From the Publisher
"The transtheoretical model has fundamentally changed how Western professionals think about and address addictive behavior. In this new and original work, Dr. DiClemente extends this influential model to describe the development as well as the resolution of problems with drugs, sex, eating, and money. He thereby offers a comprehensive and fruitful framework to stimulate new professional thought on addiction policy, prevention, research, and treatment."William R. Miller, PhD, Department of Psychology, University of New Mexico
"This book provides a refreshingly practical guide to help you navigate your way through competing theories, data, and dogma on how addiction can best be prevented and treated. Building on his previous work, Dr. DiClemente now helps us understand not only how people recover, but also how they develop addiction. His application of the transtheoretical model to complete the cycle of change is both intellectually satisfying and useful in planning and evaluating preventive interventions. Clinicians will be better able to explain to clients and families how addiction develops, and empower clients to change with dignity and compassion. Students using this book as a text in psychology courses or graduate studies in addiction will appreciate how the transtheoretical structure makes sense of the multiplicity of theories and approaches in the field. Researchers will enjoy the challenge to reexamine their models in light of Dr. DiClemente's synthesis of data. This book has deepened my understanding and appreciation of the transtheoretical model, and is sure to have a similar impact on others as well."David Mee-Lee, MD, Co-Chair, Quality Improvement Council, American Society of Addiction Medicine
"This volume combines cutting-edge research, theory, and practice to provide a panoramic perspective on the acquisition and cessation of addictions. Based on the transtheoretical model, the book offers an innovative, integrative approach to understanding addiction and change. It is a welcome contribution for those who teach and those who treat addictions"James O. Prochaska, PhD, Cancer Prevention Research Center, University of Rhode Island
"DiClemente articulates an important paradigm for understanding addictive behavior. This is the most complete description of the transtheoretical model of intentional behavior change to date. The volume's exploration of the interacting dimensions of change in both the evolution and resolution of addictive behaviors offers highly useful implications for researchers as well as clinicians."Sandra A. Brown, PhD, Department of Psychology, University of California, San Diego
"Easy to read, based on sound clinical research, and critical of singular and simple explanations of addiction."Psychiatric Services
"The logical, eloquent and accessible style used in the book allows the reader to meet the author. He engages us with the logic of his thinking, his interpretation of his own and others' research and his application of this to case studies, which are used throughout the book."--Addiction
Drug and Alcohol Review
"This book provides the most comprehensive coverage of the transtheoretical model yet published."Drug and Alcohol Review
Doody's Review Service
Reviewer: Gary B Kaniuk, PsyD (Cermak Health Services)
Description: This book introduces the Transtheoretical Model (TTM), which describes how addictions develop and recovery begins. This model was developed by Drs. DiClemente and Prochaska over a 20-year period.
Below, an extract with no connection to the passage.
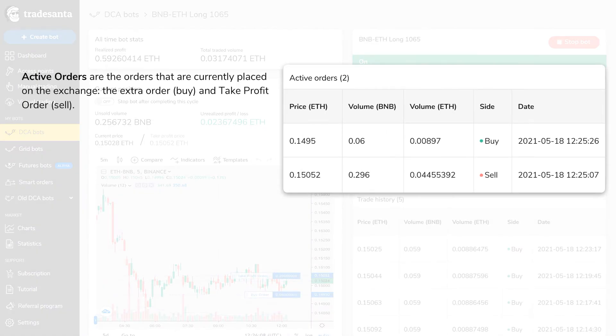Active orders are the orders that are currently placed on the exchange — the first or extra order, and a take profit order.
Purpose: According to the author, "This volume offers such a new approach in the form of an alternative, integrative perspective for understanding addiction and recovery." This is a worthy objective, which the book definitely meets.
Audience: The author states, "It is my hope that this book will be useful to all who deal with addictions, especially treatment providers, prevention specialists, researchers, and policymakers." He adds, "The ultimate goal of this book is to assist professionals to help individuals to move out of the path leading to addiction and to help those already addicted along the road to recovery." I also think that graduate students in clinical psychology could benefit greatly from this book.
Features: TTM is a stage theory, similar to that of Erik Erikson. It describes the stages of change, the processes of change, the markers of change, and context of change. It is transtheoretical because there are many ways of explaining how change occurs. TTM first began with research into smoking behavior and was expanded into other addictive behaviors. It focuses on the decisional processes, both internal and external, involved in moving from one stage to another. The book is good because it is easy to read. TTM is thoroughly explained and makes sense. I like this model because it integrates different theoretical components.
Assessment: I really enjoyed this book because it thoroughly explains the stages of addiction and recovery. It is practical and I think that clients will benefit from it. TTM challenges clients with tasks and goals within each stage. Since addictive behaviors, specifically those related to drugs and alcohol, are a major public health problem, any new models of addiction/recovery are welcomed with open arms. This book is definitely a breath of fresh air in helping to deal with addicted individuals.